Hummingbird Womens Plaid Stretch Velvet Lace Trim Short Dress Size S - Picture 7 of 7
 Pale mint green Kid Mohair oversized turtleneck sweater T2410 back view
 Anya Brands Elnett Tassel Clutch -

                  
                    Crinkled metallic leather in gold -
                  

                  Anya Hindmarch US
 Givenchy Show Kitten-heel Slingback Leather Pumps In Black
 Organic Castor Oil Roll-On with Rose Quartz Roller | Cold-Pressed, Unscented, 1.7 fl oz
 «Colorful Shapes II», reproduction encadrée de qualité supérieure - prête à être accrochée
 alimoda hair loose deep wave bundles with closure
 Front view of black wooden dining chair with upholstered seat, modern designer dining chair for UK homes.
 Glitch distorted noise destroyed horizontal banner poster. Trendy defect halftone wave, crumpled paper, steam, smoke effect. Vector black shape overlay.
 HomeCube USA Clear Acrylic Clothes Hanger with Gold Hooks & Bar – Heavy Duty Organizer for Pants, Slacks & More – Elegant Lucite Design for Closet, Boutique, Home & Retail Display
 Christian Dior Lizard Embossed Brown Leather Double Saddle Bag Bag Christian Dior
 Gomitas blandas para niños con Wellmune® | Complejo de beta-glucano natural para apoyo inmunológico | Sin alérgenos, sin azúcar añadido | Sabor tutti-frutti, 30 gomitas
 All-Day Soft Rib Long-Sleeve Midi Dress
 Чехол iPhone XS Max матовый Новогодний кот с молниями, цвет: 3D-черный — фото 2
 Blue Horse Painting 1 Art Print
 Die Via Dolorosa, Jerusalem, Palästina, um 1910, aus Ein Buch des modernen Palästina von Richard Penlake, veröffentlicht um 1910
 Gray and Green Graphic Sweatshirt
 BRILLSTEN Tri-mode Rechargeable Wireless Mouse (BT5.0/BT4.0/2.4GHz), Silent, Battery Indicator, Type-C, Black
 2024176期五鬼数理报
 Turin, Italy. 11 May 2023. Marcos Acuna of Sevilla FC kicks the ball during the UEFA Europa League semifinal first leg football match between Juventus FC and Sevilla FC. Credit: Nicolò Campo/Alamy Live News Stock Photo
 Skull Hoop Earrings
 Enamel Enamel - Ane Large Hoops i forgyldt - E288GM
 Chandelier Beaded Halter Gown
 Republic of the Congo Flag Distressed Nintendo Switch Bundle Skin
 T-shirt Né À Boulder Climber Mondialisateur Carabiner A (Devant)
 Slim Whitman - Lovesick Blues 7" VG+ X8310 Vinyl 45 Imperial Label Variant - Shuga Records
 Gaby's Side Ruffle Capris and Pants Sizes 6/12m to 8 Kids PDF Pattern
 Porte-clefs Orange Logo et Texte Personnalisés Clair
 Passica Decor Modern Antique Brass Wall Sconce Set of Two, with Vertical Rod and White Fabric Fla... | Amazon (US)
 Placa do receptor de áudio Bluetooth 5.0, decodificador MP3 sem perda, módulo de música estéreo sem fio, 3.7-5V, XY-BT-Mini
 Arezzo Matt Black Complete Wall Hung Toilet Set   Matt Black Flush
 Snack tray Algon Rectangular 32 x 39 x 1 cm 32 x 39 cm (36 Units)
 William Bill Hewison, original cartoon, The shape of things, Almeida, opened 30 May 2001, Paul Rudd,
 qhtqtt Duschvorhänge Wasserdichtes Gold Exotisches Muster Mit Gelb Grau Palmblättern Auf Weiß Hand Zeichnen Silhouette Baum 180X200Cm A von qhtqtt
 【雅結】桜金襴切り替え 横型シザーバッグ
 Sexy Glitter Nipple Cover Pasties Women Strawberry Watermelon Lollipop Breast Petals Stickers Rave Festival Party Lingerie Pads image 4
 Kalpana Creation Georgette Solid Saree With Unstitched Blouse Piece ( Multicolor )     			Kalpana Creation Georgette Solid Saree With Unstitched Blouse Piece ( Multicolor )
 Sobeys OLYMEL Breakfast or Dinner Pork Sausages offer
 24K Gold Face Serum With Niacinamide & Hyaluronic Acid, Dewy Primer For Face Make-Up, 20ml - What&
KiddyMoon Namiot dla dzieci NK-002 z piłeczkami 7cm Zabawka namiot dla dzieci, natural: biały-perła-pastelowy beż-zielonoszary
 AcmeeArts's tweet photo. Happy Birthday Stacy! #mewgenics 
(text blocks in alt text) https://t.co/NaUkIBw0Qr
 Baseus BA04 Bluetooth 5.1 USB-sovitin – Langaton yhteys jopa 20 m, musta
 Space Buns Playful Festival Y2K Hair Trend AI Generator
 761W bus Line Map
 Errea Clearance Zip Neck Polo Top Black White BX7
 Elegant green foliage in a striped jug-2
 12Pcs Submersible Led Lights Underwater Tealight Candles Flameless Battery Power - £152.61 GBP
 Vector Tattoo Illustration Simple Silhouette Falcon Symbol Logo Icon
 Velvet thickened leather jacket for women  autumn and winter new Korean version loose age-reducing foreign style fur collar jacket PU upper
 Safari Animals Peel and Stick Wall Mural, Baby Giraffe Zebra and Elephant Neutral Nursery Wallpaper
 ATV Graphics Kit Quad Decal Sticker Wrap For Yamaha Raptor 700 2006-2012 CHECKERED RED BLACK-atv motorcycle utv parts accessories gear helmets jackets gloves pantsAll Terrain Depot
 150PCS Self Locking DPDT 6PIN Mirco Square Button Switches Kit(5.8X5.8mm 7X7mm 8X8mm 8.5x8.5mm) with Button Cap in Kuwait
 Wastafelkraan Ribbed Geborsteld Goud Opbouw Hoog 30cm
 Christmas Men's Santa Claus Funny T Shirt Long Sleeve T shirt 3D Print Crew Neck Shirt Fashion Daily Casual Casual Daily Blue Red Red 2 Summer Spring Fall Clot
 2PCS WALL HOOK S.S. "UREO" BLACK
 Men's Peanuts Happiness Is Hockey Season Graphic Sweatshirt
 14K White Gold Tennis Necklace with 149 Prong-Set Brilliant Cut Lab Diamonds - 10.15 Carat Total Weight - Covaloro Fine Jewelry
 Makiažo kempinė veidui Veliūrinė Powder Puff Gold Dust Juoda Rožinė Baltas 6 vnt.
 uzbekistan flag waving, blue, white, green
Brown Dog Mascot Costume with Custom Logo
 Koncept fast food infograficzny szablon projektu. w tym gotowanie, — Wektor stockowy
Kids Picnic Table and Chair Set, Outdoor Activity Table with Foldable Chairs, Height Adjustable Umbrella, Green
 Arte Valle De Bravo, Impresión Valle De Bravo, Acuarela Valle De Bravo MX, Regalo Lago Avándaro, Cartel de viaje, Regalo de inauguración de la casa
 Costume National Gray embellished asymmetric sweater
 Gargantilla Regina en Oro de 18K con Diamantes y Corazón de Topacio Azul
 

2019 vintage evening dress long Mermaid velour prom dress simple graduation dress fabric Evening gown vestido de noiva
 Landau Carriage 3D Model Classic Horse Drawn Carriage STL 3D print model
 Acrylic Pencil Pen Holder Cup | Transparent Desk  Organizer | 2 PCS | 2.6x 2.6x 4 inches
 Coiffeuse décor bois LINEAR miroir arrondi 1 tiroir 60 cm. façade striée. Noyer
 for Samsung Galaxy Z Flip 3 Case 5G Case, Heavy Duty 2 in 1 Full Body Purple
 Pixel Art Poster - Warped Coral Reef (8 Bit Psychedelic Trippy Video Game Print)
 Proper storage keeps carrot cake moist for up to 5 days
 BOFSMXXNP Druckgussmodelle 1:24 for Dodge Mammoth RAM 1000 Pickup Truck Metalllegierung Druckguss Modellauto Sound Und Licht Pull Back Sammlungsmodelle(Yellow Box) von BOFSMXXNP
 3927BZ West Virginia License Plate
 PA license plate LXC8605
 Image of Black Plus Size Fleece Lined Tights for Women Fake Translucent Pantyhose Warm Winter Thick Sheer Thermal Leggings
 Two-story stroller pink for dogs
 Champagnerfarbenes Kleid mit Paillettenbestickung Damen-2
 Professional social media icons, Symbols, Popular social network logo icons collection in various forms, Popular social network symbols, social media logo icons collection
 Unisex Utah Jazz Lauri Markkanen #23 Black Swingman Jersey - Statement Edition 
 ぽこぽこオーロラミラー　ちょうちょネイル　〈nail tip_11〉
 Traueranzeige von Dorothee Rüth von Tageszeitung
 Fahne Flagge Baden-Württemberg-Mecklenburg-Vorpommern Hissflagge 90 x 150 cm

+===+

● **Problem to solve**: Retype, in the same exact form, the lines of the material above from the line holding "Landau Carriage 3D" through the line holding "3927BZ West Virginia License Plate".

● **Response area**:
 Landau Carriage 3D Model Classic Horse Drawn Carriage STL 3D print model
 Acrylic Pencil Pen Holder Cup | Transparent Desk  Organizer | 2 PCS | 2.6x 2.6x 4 inches
 Coiffeuse décor bois LINEAR miroir arrondi 1 tiroir 60 cm. façade striée. Noyer
 for Samsung Galaxy Z Flip 3 Case 5G Case, Heavy Duty 2 in 1 Full Body Purple
 Pixel Art Poster - Warped Coral Reef (8 Bit Psychedelic Trippy Video Game Print)
 Proper storage keeps carrot cake moist for up to 5 days
 BOFSMXXNP Druckgussmodelle 1:24 for Dodge Mammoth RAM 1000 Pickup Truck Metalllegierung Druckguss Modellauto Sound Und Licht Pull Back Sammlungsmodelle(Yellow Box) von BOFSMXXNP
 3927BZ West Virginia License Plate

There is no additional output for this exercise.